[Start of Attachment]
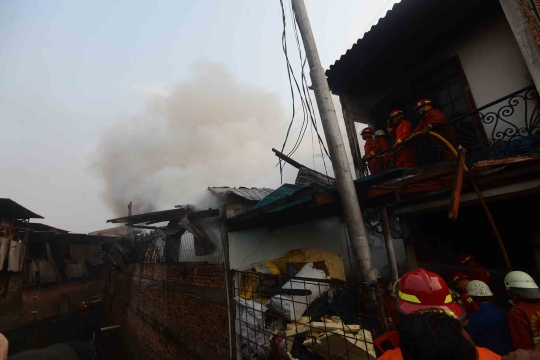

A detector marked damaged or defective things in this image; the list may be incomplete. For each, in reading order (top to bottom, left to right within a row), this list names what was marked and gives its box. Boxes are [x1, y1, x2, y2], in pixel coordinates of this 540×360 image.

damaged roof [0, 200, 43, 219]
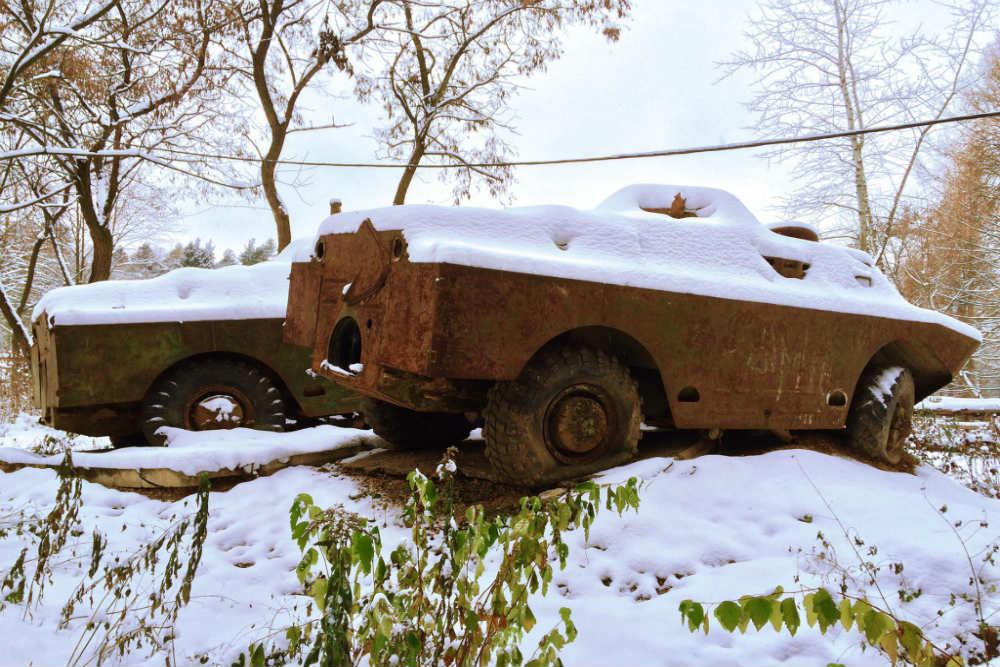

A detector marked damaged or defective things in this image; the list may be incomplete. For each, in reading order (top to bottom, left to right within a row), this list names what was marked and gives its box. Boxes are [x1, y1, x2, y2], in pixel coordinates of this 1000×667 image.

rusty armored vehicle [31, 240, 360, 444]
rusty armored vehicle [286, 184, 980, 486]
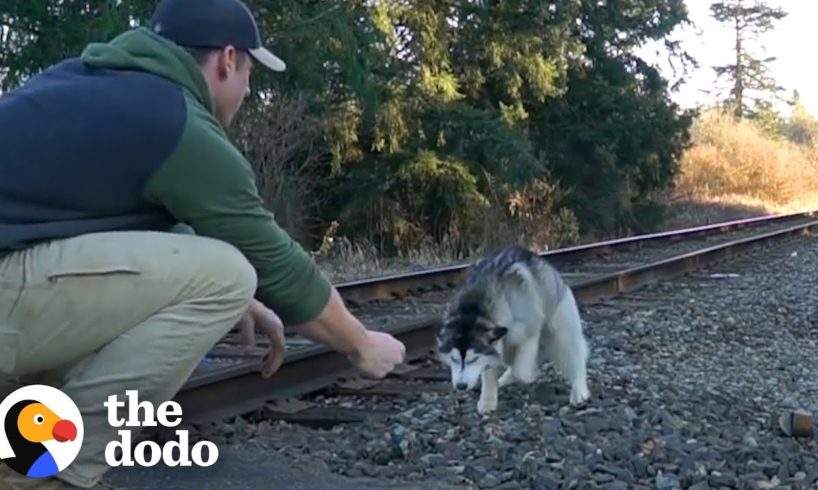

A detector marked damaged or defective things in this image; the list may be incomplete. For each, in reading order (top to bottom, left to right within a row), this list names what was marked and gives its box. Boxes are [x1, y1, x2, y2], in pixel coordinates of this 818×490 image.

rusty rail surface [172, 216, 816, 424]
rusty rail surface [334, 210, 816, 304]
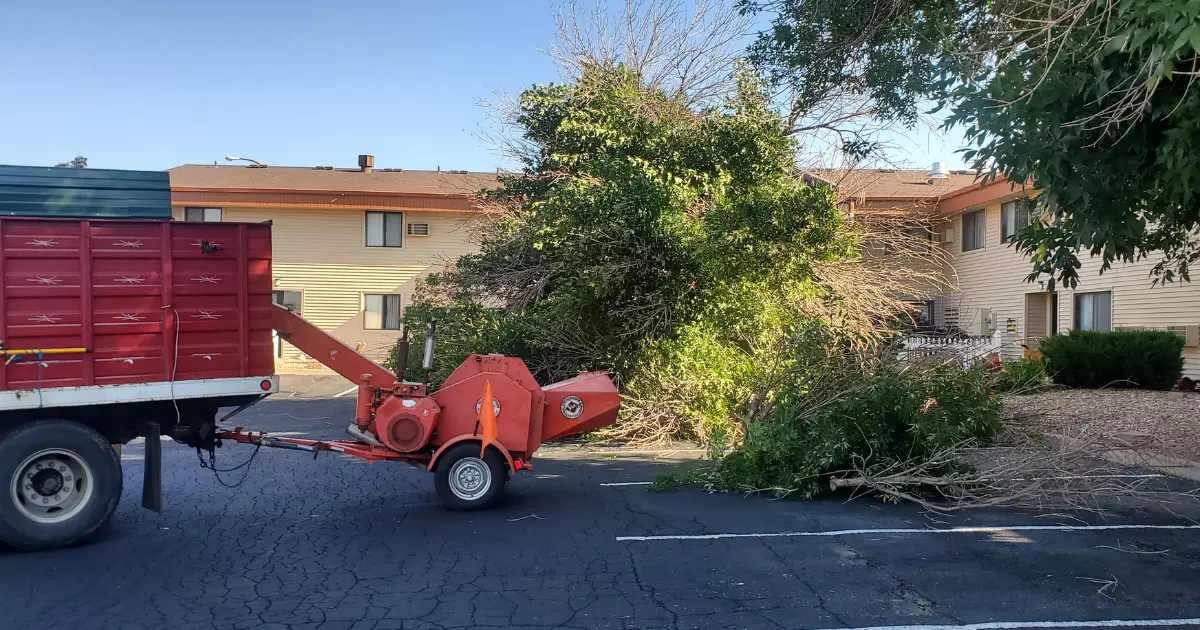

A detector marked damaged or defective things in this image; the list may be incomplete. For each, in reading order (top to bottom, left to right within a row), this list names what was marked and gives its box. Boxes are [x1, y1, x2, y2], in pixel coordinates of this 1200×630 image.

cracked asphalt [2, 398, 1200, 628]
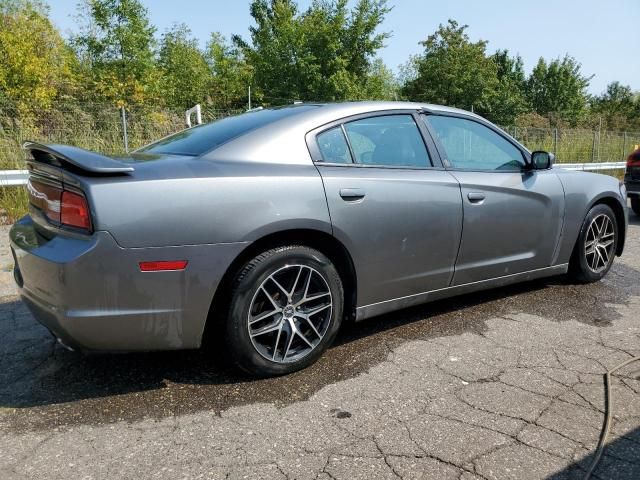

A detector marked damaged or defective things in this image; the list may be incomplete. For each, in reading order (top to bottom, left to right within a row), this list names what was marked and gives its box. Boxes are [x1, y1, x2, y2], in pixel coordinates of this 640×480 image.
[End of Attachment]
**Problem details:** Return the whole of the material above exactly, with no picture carried over.

**Response area:**
A detector marked damaged or defective things in this image; the list may be incomplete. For each, in reading order (top to bottom, left to right within a row), this list names what was marked and gives its box. Boxes are [x1, y1, x2, y2], in pixel coordinates of this 540×360 image.

damaged roof [0, 200, 43, 219]

A detector marked damaged or defective things in this image; the list may be incomplete. For each, in reading order (top to bottom, left to right within a row), this list names what was marked and gives its box. Boxes are [x1, y1, x2, y2], in pixel coordinates of this 1000×667 image.

rusty armored vehicle [31, 240, 360, 444]
rusty armored vehicle [286, 184, 980, 486]

A detector marked damaged or defective things in this image; the list may be incomplete. For each, in reading order (top to bottom, left to right within a row), this list names what was marked and gives its box. Boxes are [x1, y1, x2, y2], in pixel coordinates of this 818×490 image.

rusty rail surface [172, 216, 816, 424]
rusty rail surface [334, 210, 816, 304]

A detector marked damaged or defective things in this image; the list may be incomplete. For each, in reading order (top to bottom, left to right within a row), this list names what was marked and gives its box. Boxes are [x1, y1, x2, y2], in pixel coordinates of this 1200×630 image.

cracked asphalt [2, 398, 1200, 628]

A detector marked damaged or defective things in this image; the list may be incomplete. For each, in reading order (top to bottom, left to right within a row), this list names what was marked and gives its box. Boxes are [x1, y1, x2, y2], in pixel coordinates of this 640×480 image.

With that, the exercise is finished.